The show debuted as Puppet Playhouse on December 27, 1947, as a Saturday morning program and was aired as a half-hour program five days each week at 5:30 PM from 1948 through 1956 on 200 television stations nationwide.

Stephen Davis, a historian who wrote the 1987 book, Say Kids! What Time Is It?, which chronicled the history of The Howdy Doody Show, credited Kean with writing the show's theme song as the program's "chief writer, philosopher and theoretician". In his eight years with the show, he scripted "almost every line spoken and every note sung", created characters such as Clarabell the Clown and Princess Summerfall Winterspring, and conceived of Howdy Doody's 1948 run for President of the United States. Kean coined the word "kawabonga" as a greeting for the character Chief Thunderthud, which was later adopted by surfers as "cowabunga" and popularized by Snoopy, the Teenage Mutant Ninja Turtles and Bart Simpson among others.

==Later years==
Kean left the show in 1955 and went to work in the public relations field and as a stockbroker along with writing a newspaper column called The Consumer Madvocate for a number of years.
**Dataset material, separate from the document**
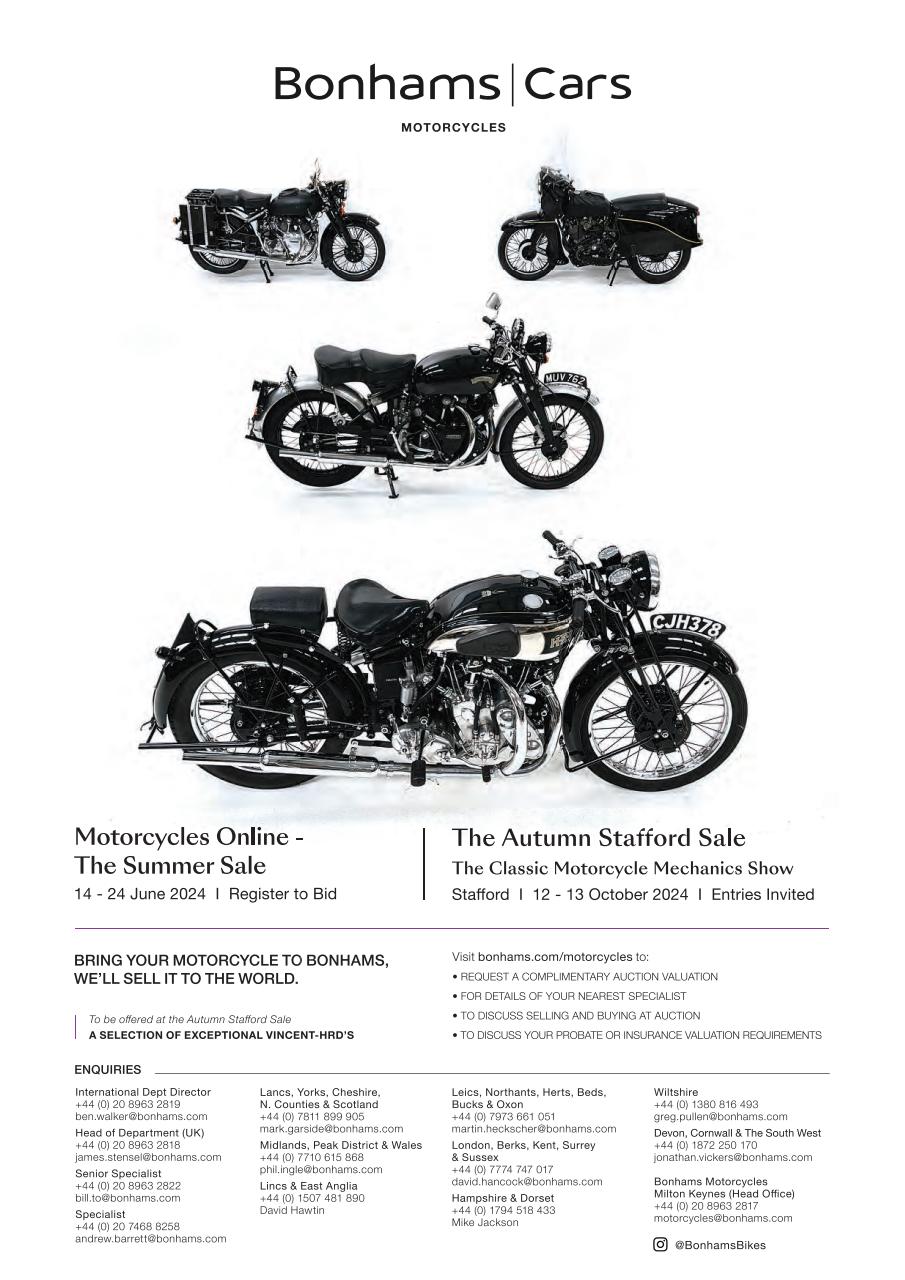 The Classic MotorCycle Preview Pages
He was also a lounge pianist in Detroit and Miami. Kean had previously scripted many of the Doody Dell comic books and children books and did further work for Dell (comics and books, both non-Doody) after leaving the show.

A resident of West Bloomfield Township, Michigan, Kean died at age 85 on 13 August 2010, at a health care facility there due to emphysema. He was survived by his wife, Vivian, as well as by a son, a stepdaughter, a stepson and seven grandchildren.